Frank: I think the abandoning of certain tools took a bit of getting used to. We aren’t using sound effects, for example. The splash panels, insets, overspills etc. All the tricks and techniques that help with emphasis… they’re all gone. The panels don’t really vary. There’s a rhythm to it, though. You lose some bombast, but you gain clarity and you get to drop back out of the limelight and let the story become the whole thing. It’s like going back to how comics were before that period when everyone started thinking that the art wasn’t just there to serve the story. And then going back a bit further.

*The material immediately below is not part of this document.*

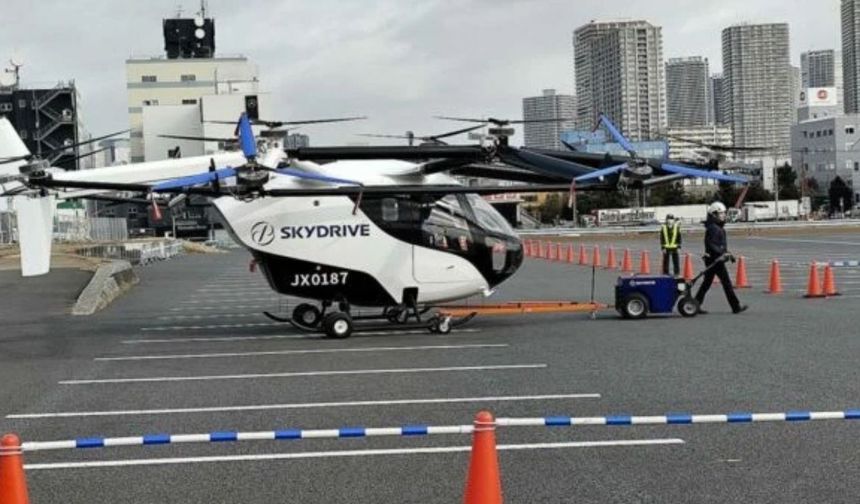 Tokyo Körfezi’nde 3,5 dakikalık tarihi uçan araba testi gerçekleştirildi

Doomsday Clock Variant Cover Art by Gary Frank and Brad Anderson
Paste: Do you use a different approach when illustrating the DC characters to emphasize their relative moral purity?

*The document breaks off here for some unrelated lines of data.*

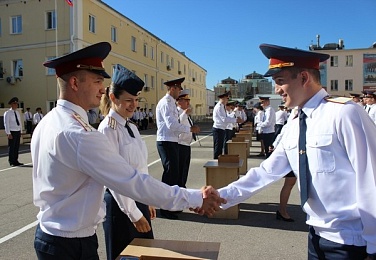 Академия ФСИН России в Рязани выпустила молодых лейтенантов  - 62ИНФО Академия ФСИН России в Рязани выпустила молодых лейтенантов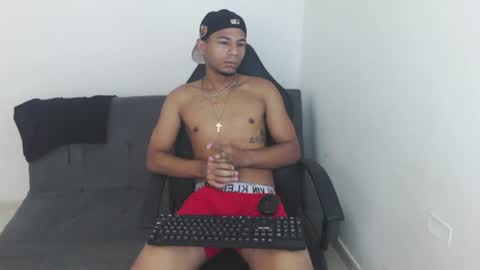Snapshot of masters_latins chatting on 07-25-26, 04:15 masters_latins online show from 07-25-26, 04:15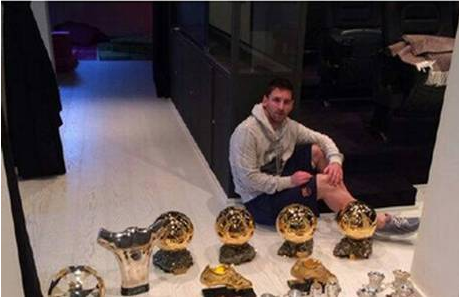 Cristiano Ronaldo, UMILIT in lupta pentru Balonul de Aur! Faza care o sa-l enerveze rau pe starul Realului! Ce a facut fratele lui Messi:_3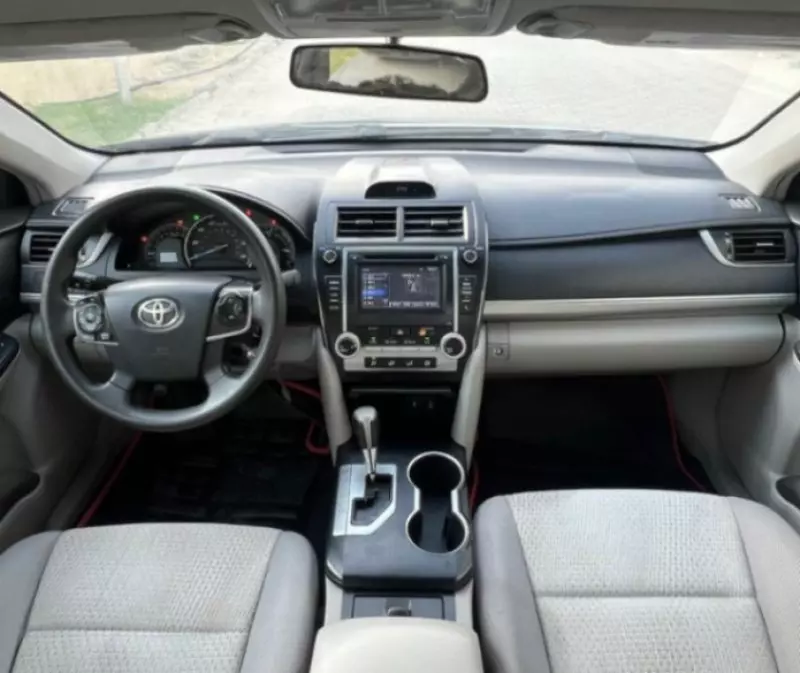 Toyota Camry   - 2014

Frank: So far the DC character that I’ve drawn the most in this book is Batman and he’d frankly fit into the Watchmen Universe beautifully. No, the dominant influence is Watchmen. There will be subtle changes between worlds—colors, for example—but not so that it becomes intrusive. It’s not going to be Bedknobs and Broomsticks.
Paste: Watchmen confirmed the nine-panel grid as the de facto format for serious, scholarly comics, only breaking form once. Most of the pages follow that same schema, with various breaks into 7- and 8-panel pages. What dictates breaking type? Is there an underlying rhythm at play?

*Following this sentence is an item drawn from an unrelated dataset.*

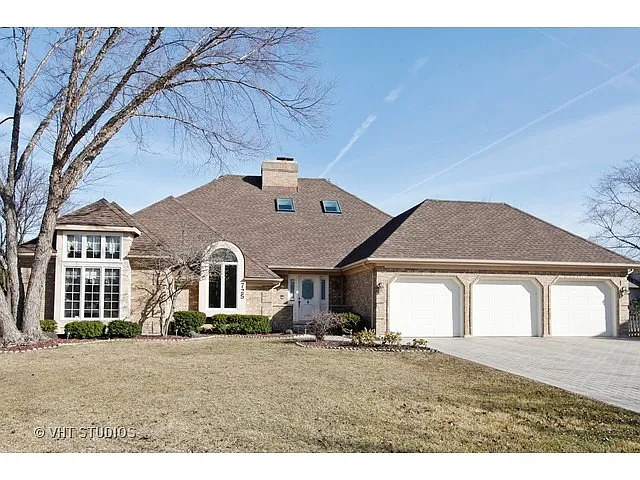 725 Cardigan Ct photo 1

Frank: Yes. Virtually everything you do with the size and shape of a panel has a subtle effect on how the contents are perceived. There are instances in Watchmen where there are four panels on a line, for instance. When you are reading a three-panel line, three-panel line, three-panel line etc, then there’s a switch to four, the reader may not notice it consciously, but there is a shift in rhythm. You can use smaller, choppier panels to increase pace, or maybe give the feeling of quiet or secretive actions. Alternatively, you can use it to shift between environments for a flashback or a dream sequence (as in Watchmen). The restriction imposed by the nine-panel grid has the unexpected effect of making even small changes to the rhythm more effective.
Doomsday Clock Interior Art by Gary Frank and Brad Anderson
Paste: In the opening panels, you nicely preserve a sense of place that corresponds with a ravaged ‘80s NYC. The double-breasted jackets, analogue media, concrete jungle, etc., but then you slowly reveal the ergonomic cars. How would you describe the architecture and environment of Watchmen? What’s changed?
Frank: Well, some of those things came about in Watchmen. The electric cars, for example. There’s pre-Doctor Manhattan Watchmen U and post-Doctor Manhattan Watchmen U. We obviously pick up in the latter so there’s this weird juxtaposition of a DCU, which is effectively 30 years in the future, and a 1980’s Earth that has been changed completely by Doctor Manhattan’s presence into a kind of pseudo-futuristic version.
Paste: On the latter note, you also had to design new characters—The Mime and The Marionette. Aside from the source material, where did you seek inspiration? Did you return to the old Charlton characters at all?
Frank: No, the Charlton characters were the jumping-off point, but from there we wanted something new. Geoff already knew the role that they needed to fill so we started to build something tailor-made for the story.
Doomsday Clock In-Process Cover Art by Gary Frank
Paste: The original Watchmen scripts were phone-book thick and dense with material. You and Geoff Johns have an extensive history, but did your creative process shift at all to tackle Doomsday Clock?
Frank: Totally. The scripts are a little tighter than usual, but the planning and framework are much more complex and time consuming. The Watchmen scripts seemed to define every detail in every panel, whereas Geoff leaves a little more flexibility. Much of what you’ll see comes as a result of conversation rather than because it was there in the first run at the script. Geoff is tweaking and molding the story all the time, guiding it as it grows organically.